Crystallization Behavior of ZBLAN Glass Under Combined Thermal and Vibrational Effects: Part I -- Experimental Investigation

TL;DR

This study experimentally investigates how mechanical vibration influences the crystallization behavior of ZBLAN glass, revealing that vibration accelerates nucleation and alters crystal morphology, which impacts optical fiber processing.

Contribution

It provides the first systematic experimental analysis of vibration effects on ZBLAN crystallization under normal gravity, highlighting vibration as a nucleation facilitator.

Findings

Vibration lowers crystallization onset temperature.

Morphological transition from needle-like to feather-like crystals.
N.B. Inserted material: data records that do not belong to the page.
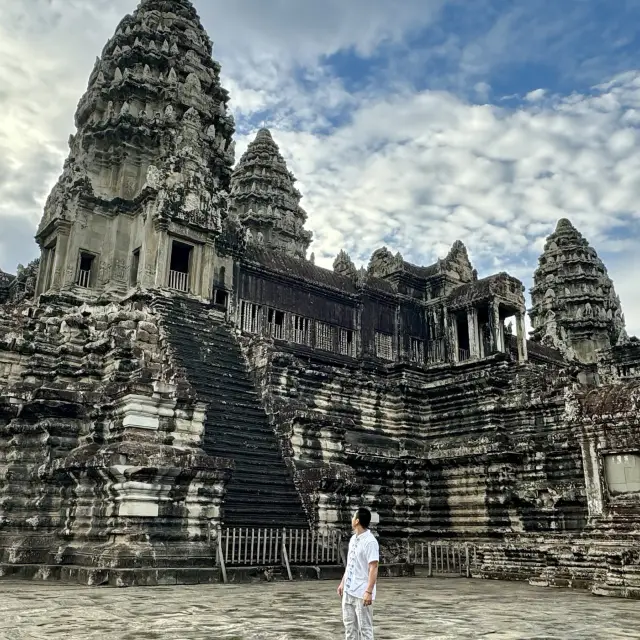 Angkor Wat : Timeless elegance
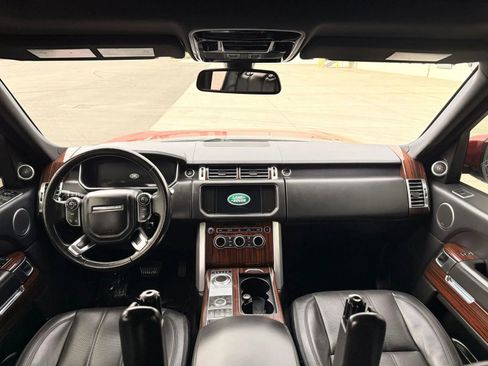 Used 2014 Land Rover Range Rover HSE image 13
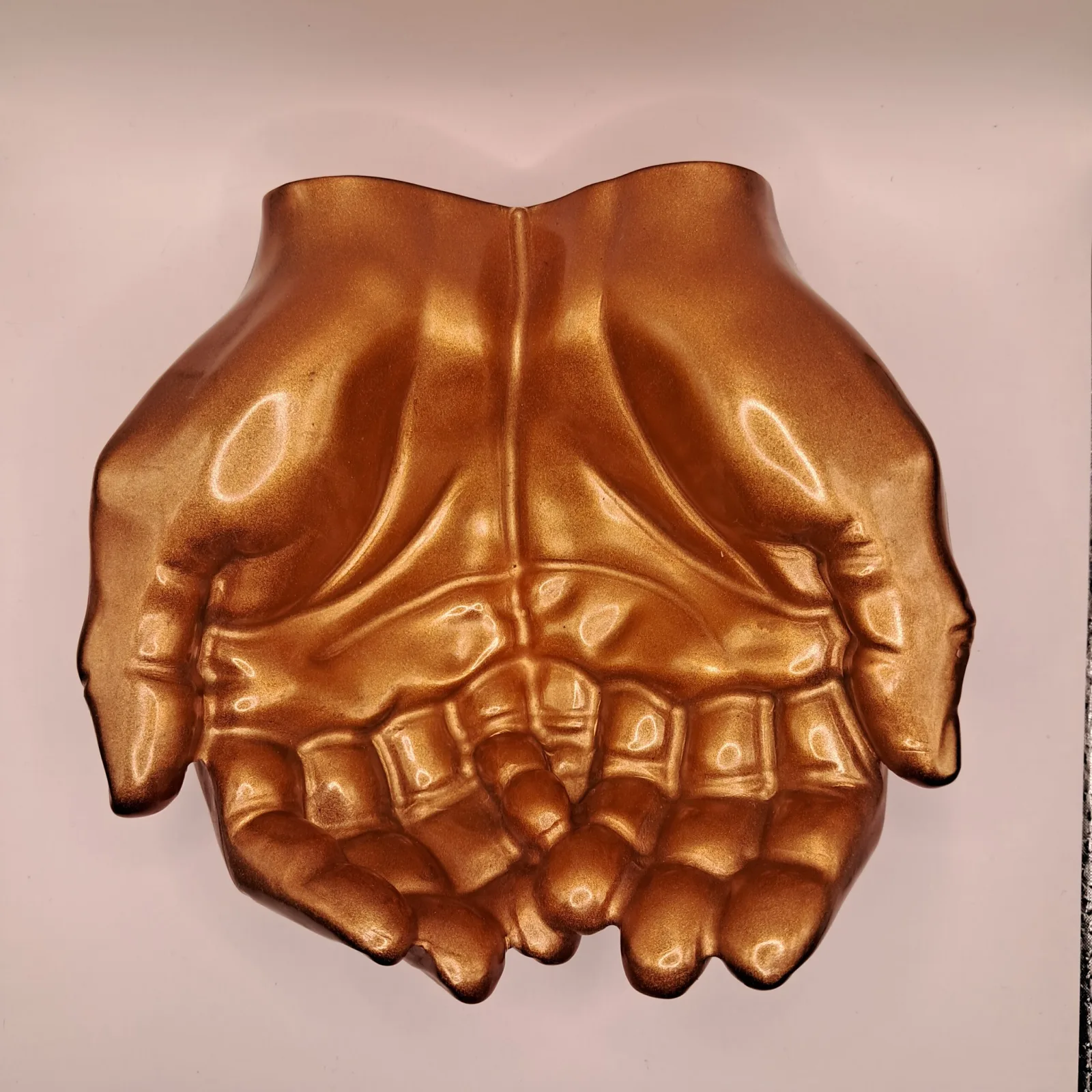 Hands Epoxy Holder - Gold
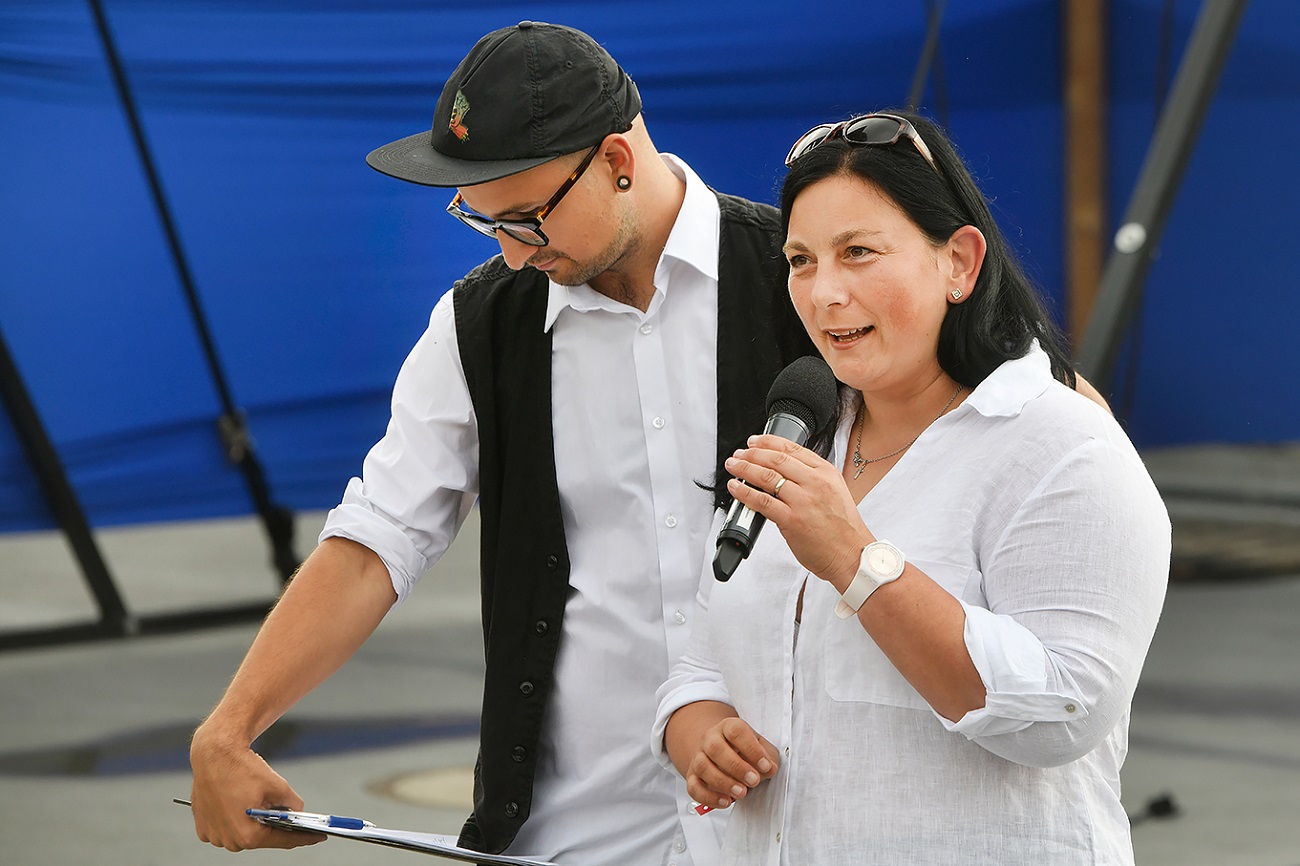 Paluba Hamburk u hlavního nádraží v Plzni má za sebou první rok úspěšného fungování. Město připravilo na čtvrtek 21. července setkání na palubě s kulturním programem. Zahájilo také vernisáží výstavu Plzeň – Město pro skvělý život, která je k vidění v galerii paluby až do konce září. (foto: M. Chaloupka, 21.7.2022)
Increased surface roughness correlates with crystallization.

Abstract

ZBLAN glass is a promising material for infrared optical fibers due to its wide transmission window and low theoretical attenuation. However, its strong tendency to crystallize during processing limits optical performance. While microgravity environments have been shown to suppress crystallization, the role of mechanical vibration under normal gravity conditions remains poorly understood. This study systematically investigates the influence of vibration on the crystallization behavior of ZBLAN using a controlled heating and vibration apparatus. Samples were subjected to varied thermal and vibrational conditions, and their crystallization onset and morphological evolution were examined through optical microscopy, scanning electron microscopy (SEM), energy dispersive X-ray spectroscopy (EDS), and atomic force microscopy (AFM). Results show that vibration reduces the crystallization onset temperature, indicating enhanced atomic mobility and nucleation kinetics. Progressive morphological transitions from needle-like to bow-tie and feather-like crystals were observed with increasing temperature and vibration intensity. Surface roughness analysis corroborates these findings, revealing a significant increase in nanoscale roughness in crystallized regions. Although brief exposure duration and partial thermal decoupling introduced variability among samples, the overall results confirm that vibration acts as a direct facilitator of nucleation rather than a purely thermal effect. This work provides new insight into vibration-induced crystallization in fluoride glasses and establishes the experimental foundation for follow-up modeling and apparatus optimization studies under terrestrial and microgravity conditions.